Maroondah is one of Melbourne’s leafiest local government areas, but is losing trees rapidly. It lost more than 3 per cent of its tree canopy cover between 2014 and 2018, research for the Department of Transport and Planning revealed.

The council estimates that when a property in the area is subdivided, as much as 40 per cent of the redeveloped lot is devoted to driveways, leaving no space for new trees.

Maroondah Mayor Kylie Spears said the pilot project – called Greening the Greyfields – targets middle and outer suburban neighbourhoods where homes were ageing, but land values remained high, making them ripe for redevelopment.

The laws encourage greater housing density by allowing taller buildings to be built on larger lots where increased space has been created for greenery, walking and cycling. “Through land amalgamation, precincts can be formed to allow for improved residential development outcomes,” Spears said.

It is the first time the concept has been introduced to a planning scheme in Australia.

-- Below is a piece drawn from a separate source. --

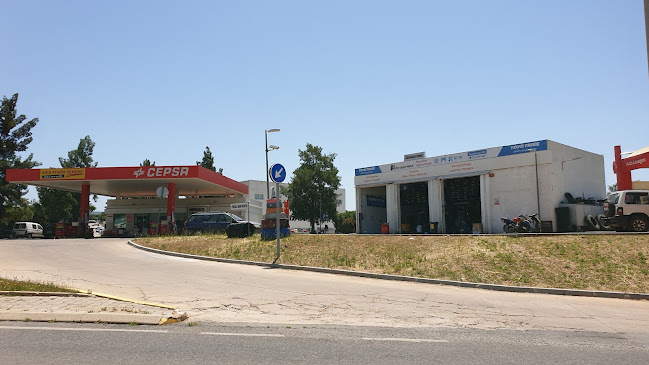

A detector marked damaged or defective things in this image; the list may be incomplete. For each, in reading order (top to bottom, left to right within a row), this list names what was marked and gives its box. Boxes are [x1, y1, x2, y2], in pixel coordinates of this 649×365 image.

cracked pavement [1, 237, 648, 332]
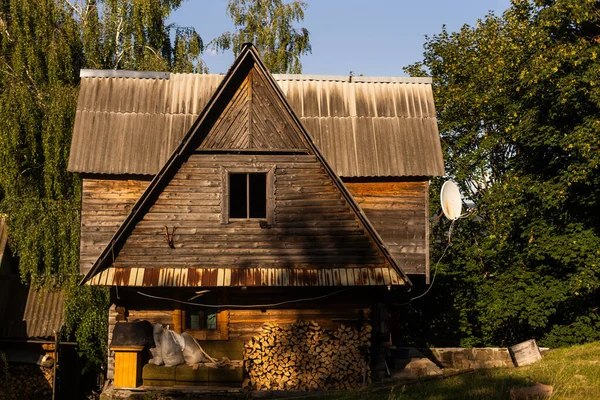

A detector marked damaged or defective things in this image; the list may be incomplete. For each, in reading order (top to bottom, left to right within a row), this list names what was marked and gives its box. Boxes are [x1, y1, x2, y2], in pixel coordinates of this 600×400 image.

The Ringwood precinct was chosen because it is within easy walking distance to the suburb’s commercial heart and train station.

Analysis projects the number of homes in the precinct will grow 72 per cent between 2020 and 2035, from 290 to 500 units.

The Croydon South precinct was chosen because it is quintessentially suburban, Glackin said. “Most Australian suburbs are actually really conservative, so we thought, if it works there, it will work everywhere.”

But Spears conceded that, one year after the scheme’s gazettal, no property owners in the two precincts had yet taken the opportunity to amalgamate their housing lots.“There are currently no housing proposals under way with this approach,” she said.

The council is still speaking with property developers, industry representatives and landowners to encourage uptake, Spears said.

Janet Franklin lives in the Ringwood precinct and said she would consider amalgamating her lot with neighbours if there was “a good financial offer”.

“But I can’t see it working too well, because so many of the blocks on this street have already been developed into dual occupancy,” she said.

Long-time Croydon resident Liz Sanzaro has witnessed the suburb’s evolution, as modest-sized family homes built on quarter-acre blocks were demolished and replaced by up to four units on the same site. Large trees that had stood in backyards for generations were cleared.

Sanzaro, the president of the Croydon Conservation Society, said there was merit in the concept but convincing landowners to work together was tricky.

“For this to actually happen, you’ve got to get a number of landowners to collectively sell at the same time, to put together four, six or eight lots, remove all the fences, all the dwellings and look at a way to re-accommodate twice the population it already had,” she said.